Editoria

05 giugno 2015 | 10:38

Perquisizioni a La Voce di Romagna. L’ipotesi è di una truffa per 20 milioni di euro di contributi all’editoria

(ANSA) – Sono in corso da questa mattina delle perquisizioni nella sede del quotidiano ‘La Voce di Romagna’ e nelle aziende riconducibili all’amministratore unico Gianni Celli. L’operazione, condotta dalla Guardia di finanza di Rimini, rientra nell’indagine per truffa aggravata ai danni dello Stato a carico dello stesso Celli in quanto responsabile della ‘vecchia’ società, La voce Srl.

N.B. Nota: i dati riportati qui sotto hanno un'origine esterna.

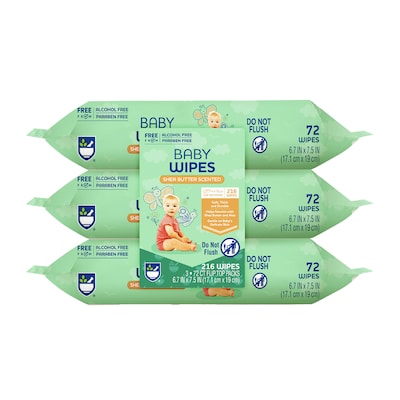 Pursonic Baby Wipes Aloe Vera Shea Butter Infused 99percent Water Based Resealable Pack for Sensitive Skin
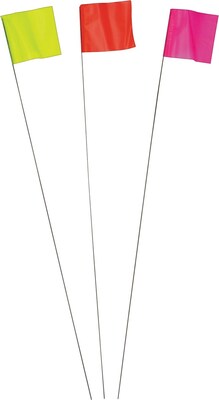 Irwin Strait-Line® Stake Flags, Orange Glo, 21 Length, 100/Bundle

Secondo le indagini delle Fiamme gialle, coordinate dal sostituto procuratore Luca Bertuzzi, 20 milioni di contributi pubblici all’editoria ricevuti per dieci anni dal giornale, sarebbero stati stornati ad altre società riconducibili all’editore. Oggi i finanzieri hanno portato via materiale cartaceo e computer, ritenuti “materiale interessante ai fini dell’indagine”.

Recentemente, attraverso l’affitto di ramo d’azienda, è in corso un tentativo di salvataggio del quotidiano con il passaggio di parte dei giornalisti alle dipendenze della società subentrante. La procura, che deve dare un parere non vincolante, si è opposta in udienza davanti al tribunale civile alla richiesta di concordato in continuità presentato dalla società La Voce Srl che fino a qualche settimana fa, oltre a essere proprietaria della testata, editava l’omonimo quotidiano. Sulla decisione, peserebbe l’inchiesta penale sull’amministratore unico della società. (ANSA, 4 giugno 2015).